**EXERCISE OBJECTIVE:** Reproduce exactly the lines from the one that holds "10A LARWOOD Elbow Seabird WA 6042 Australia" through the last line of the entries, both ends included, but not the pictures.

**GIVEN ENTRIES:**

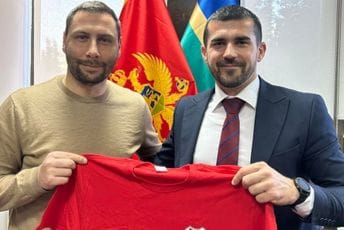 Nenezić primio Fišera: Škola FK „Sinđelić“ iz Beograda na pripremama u Baru Nenezić primio Fišera: Škola FK „Sinđelić“ iz Beograda na pripremama u Baru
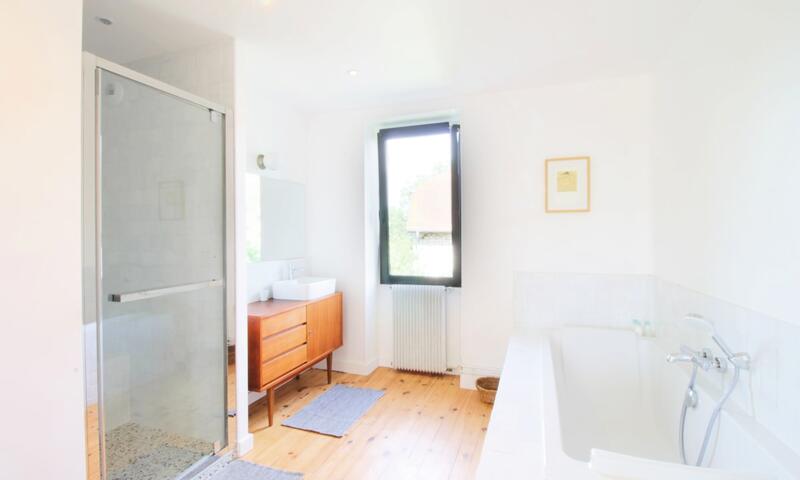 Maison Familiale, Cadre Paisible Et Piscine ! - - Billième - 26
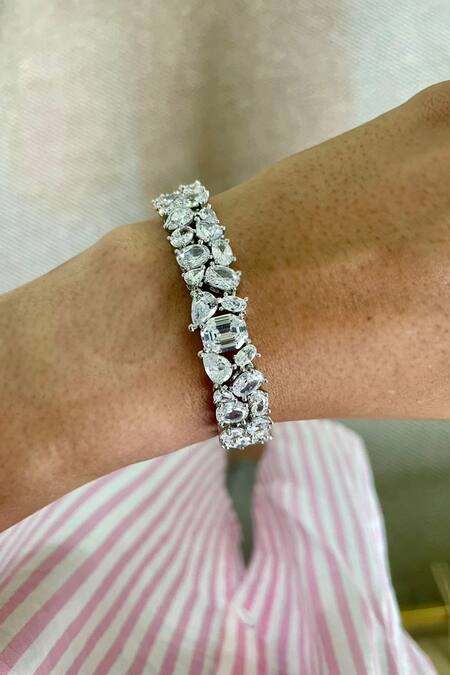 PRERTO_White Fabric Flowers, Diamonds Heart And Jewellery Set _Online_at_Aza_Fashions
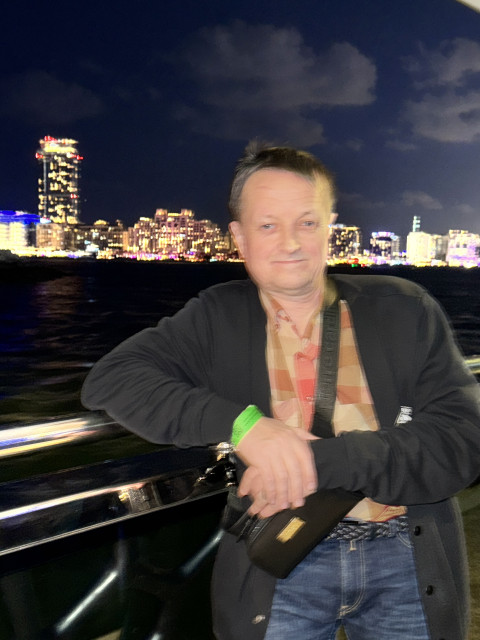 Роман, Москва, м. Ольховая, 53 года, 1 ребенок. Живу в Москве в избушке на курьих ножках)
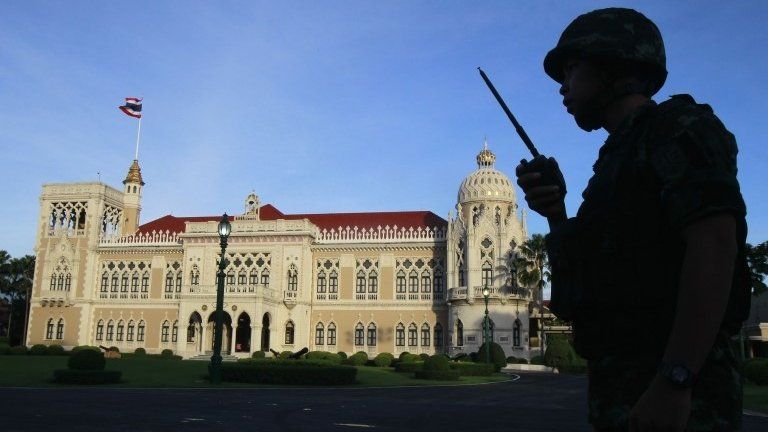 Thai soldier outside government house in Bangkok (Sept 2014)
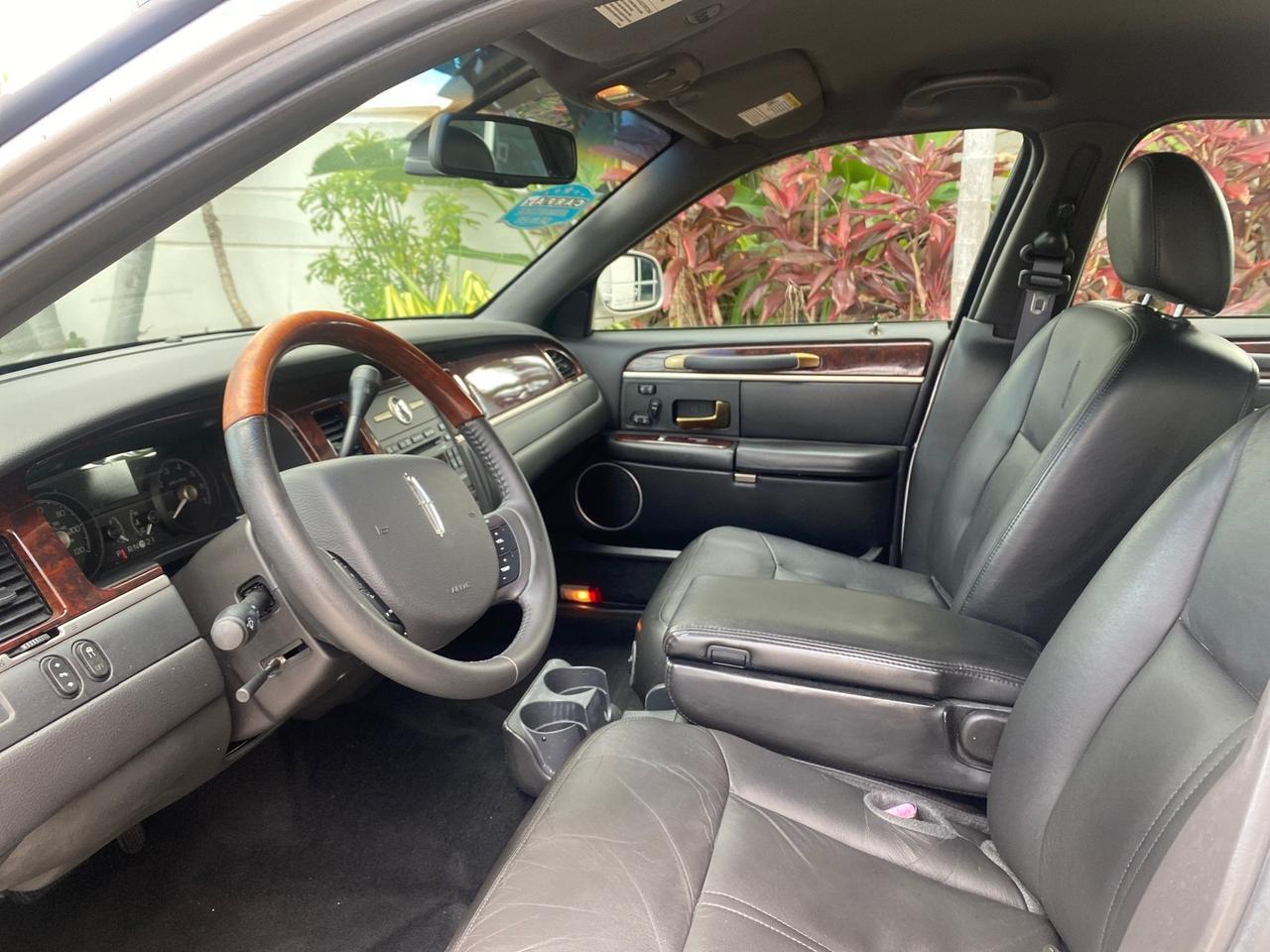 2009 Lincoln Town Car Signature Limited LOW MILES 50,225 Pompano Beach FL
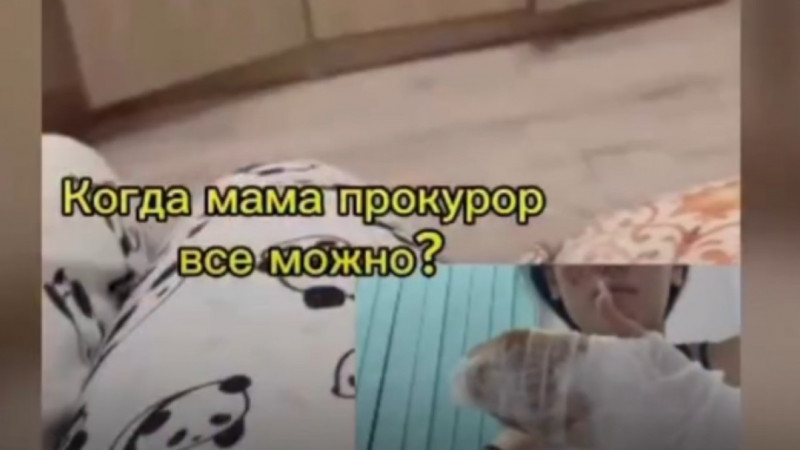 Алматыдағы жатақханада студент қызды тұншықтырып, басын қабырғаға соққан: оқиға желіде тарады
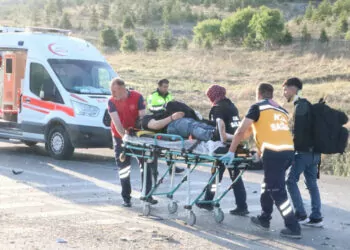 Afyonkarahisar'da yolcu otobüsüyle kamyonet çarpıştı; 17 yaralı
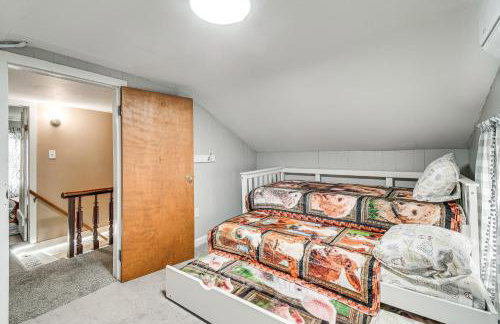 Auburn Finger Lakes Farmhouse with Open Views! - Foto 21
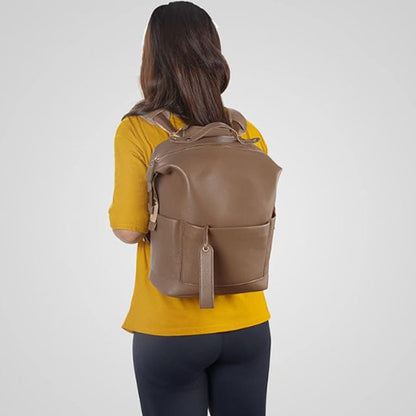 Sac à dos à langer en cuir │MaternitéPlus™
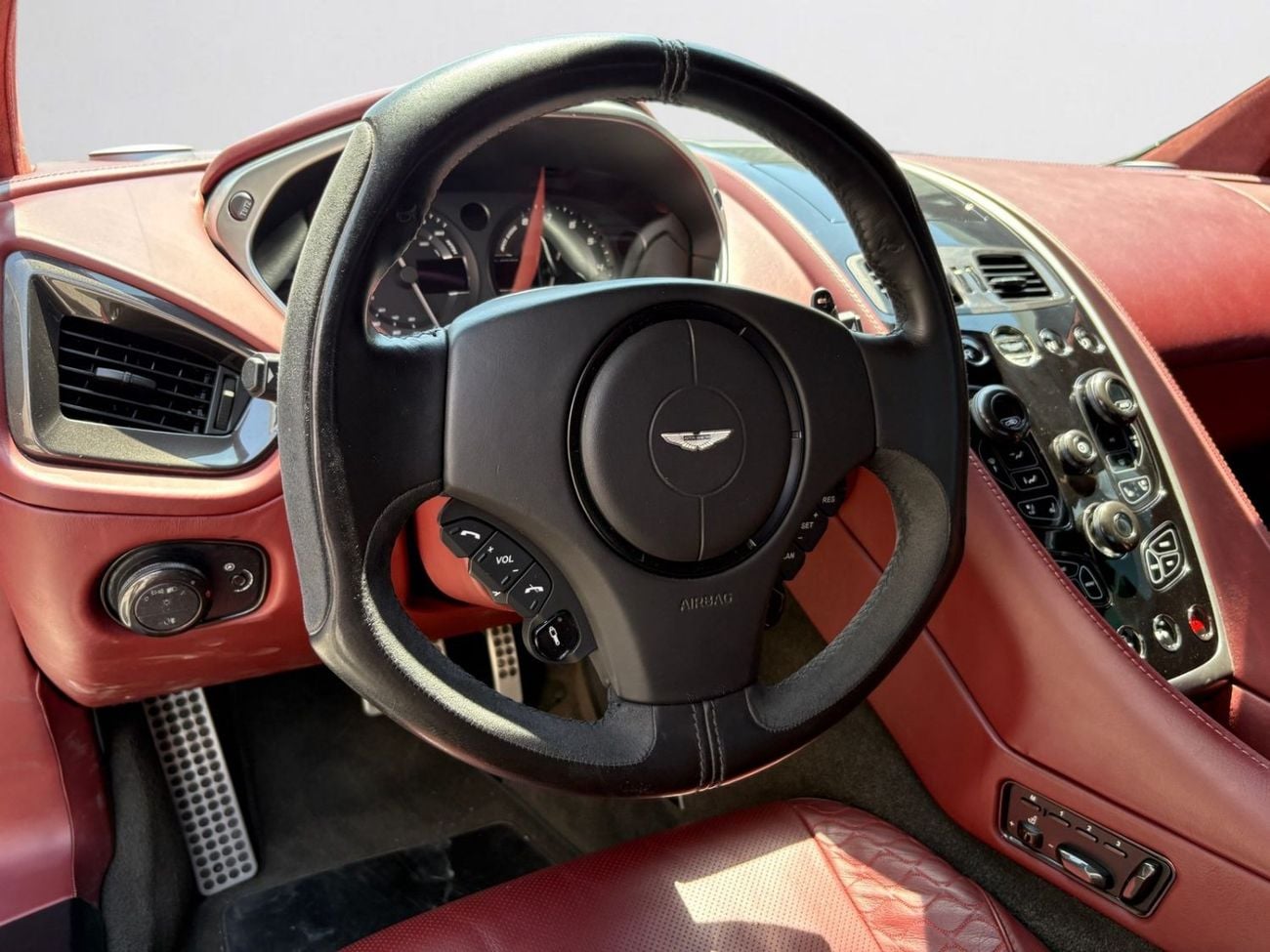 أستون مارتن فانكويش STD ASTON MARTIN VANQUISH | V12 | 2014 | GCC SPECS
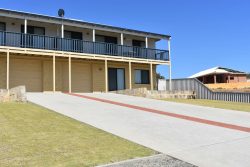 10A LARWOOD Elbow Seabird WA 6042 Australia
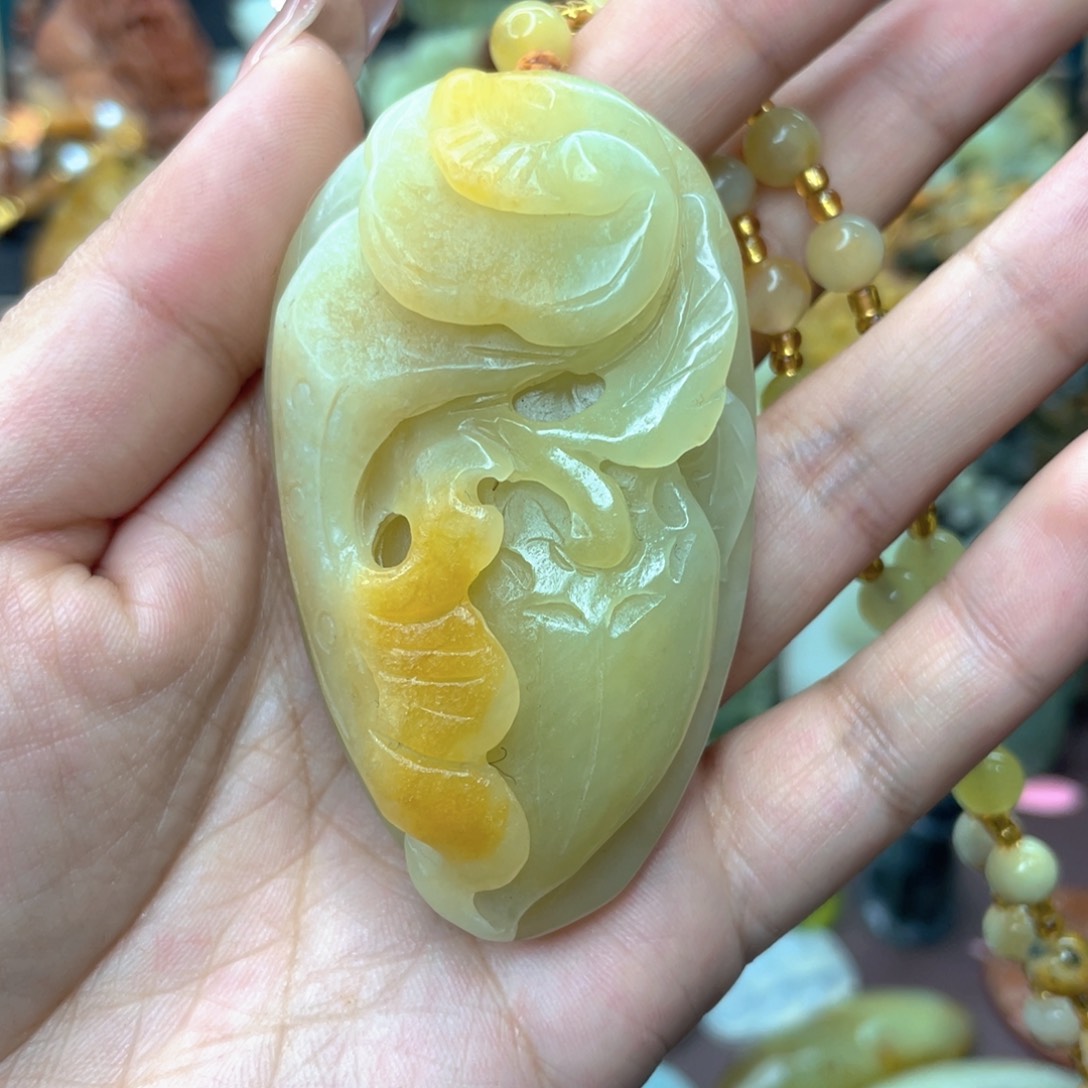 蛇纹石玉颈饰未镶嵌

**TASK ANSWER:**
 10A LARWOOD Elbow Seabird WA 6042 Australia
 蛇纹石玉颈饰未镶嵌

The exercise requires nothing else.